Now, books with multiple point-of-view characters are nothing new. Usually, however, authors limit it to one perspective per chapter. All of the above, however, are used as POV characters in chapter one! I’ve just been introduced to this brand new universe, and before I can even get my bearings I’m being yanked back and forth between all these different characters and it’s too much too fast.
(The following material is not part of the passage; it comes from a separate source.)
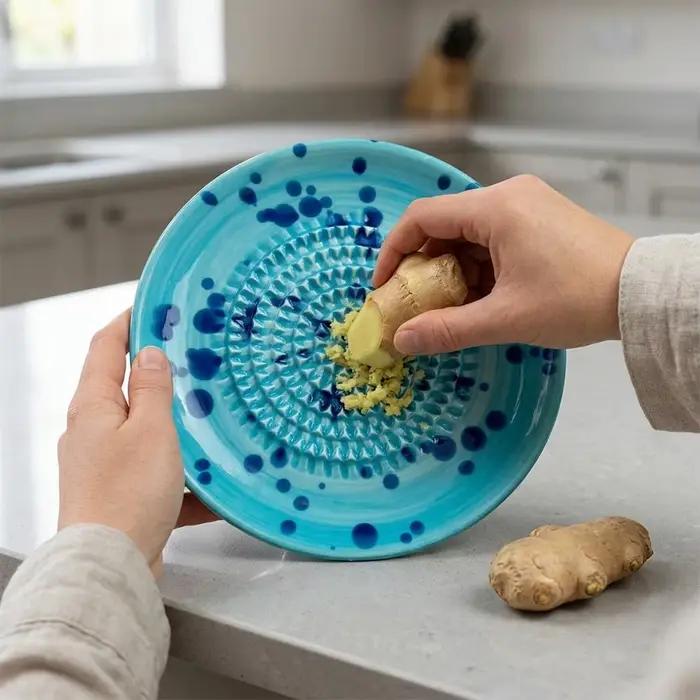Râpe à gingembre en céramique portable, outil de cuisine en porcelaine pour broyer les carottes, le wasabi, les fruits, les légumes, le gingembre, l'ail et le fromage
There’s a lot I don’t get about this book. For instance, Lin wants to be a poet. However, it is forbidden in this universe for women to become poets. It is demonstrated that the laws about what poetry is allowed and how is allowed to perform are downright fascist, enforced with speed and brutality: guards are standing by ready to seize, torture, and potentially execute anyone who steps out of line. And yet, despite this, Lin is for some reason allowed to openly perform as a female poet at an important festival where the King is in attendance? Despite having had to disguise herself as a boy before, and going back to disguising herself as a boy afterwards? And the guards completely let Lin’s flagrant violation of the law against female poets slide, only to immediately jump on Valanir Ocune during his performance? I don’t get how this society works.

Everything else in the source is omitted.